The present invention relates generally to substrate cleaning and drying and, more particularly, to systems, apparatuses, and methods for improving semiconductor substrate cleaning and/or drying by reducing contamination of substrate surfaces.
The fabrication of semiconductor devices involves numerous processing operations. These operations include, for example, dopant implants, gate oxide generation, inter-metal oxide depositions, metallization depositions, photolithography patterning, etching operations, chemical mechanical polishing (CMP), etc. As these operations generate particles and residues, wafer surfaces need to be cleaned so as to remove particulate contaminants adhered to the surfaces of the wafer.
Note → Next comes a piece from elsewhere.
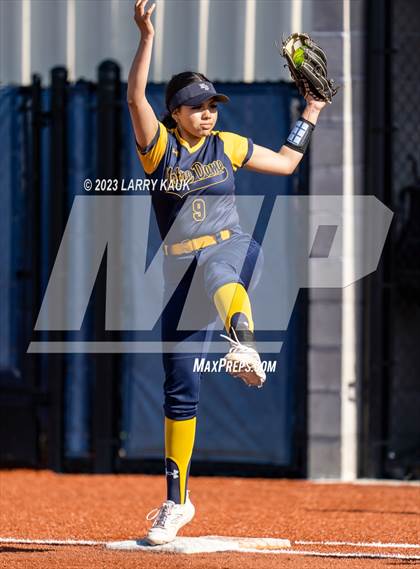 Thumbnail 2 in Notre Dame vs Carlmont (CIF CCS Division 1 Semifinal) photogallery.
Particulate contaminants generally consist of tiny bits of distinctly defined material having an affinity to adhere to the surfaces of the wafer. Examples of particulate contaminants can include organic and inorganic residues, such as silicon dust, silica, slurry residue, polymeric residue, metal flakes, atmospheric dust, plastic particles, and silicate particles, among others. Particulate contaminants should be removed from wafer surfaces as the existence of such contaminants can have detrimental effects on the performance of integrated circuit devices.
Cleaning the wafer front sides (i.e., the active side or top surface) has traditionally been given a higher priority in typical wafer cleaning systems and processes because deleterious defects may be caused in the processing of the wafers. However, as wafer sizes have increased and/or feature sizes have decreased, certain shortcomings have been associated with the failure to adequately and properly clean and process wafer backsides (i.e., non-active side).
One drawback of having contaminant particulates on wafer backside is particulate contaminant migration from the wafer backside to the wafer front side. For example, the migration may occur during a wet processing step and/or as the wafer is being moved or otherwise handled between the processing or metrology tools. Furthermore, the backside contaminants can undesirably migrate from one process tools or steps thus contaminating subsequent processes.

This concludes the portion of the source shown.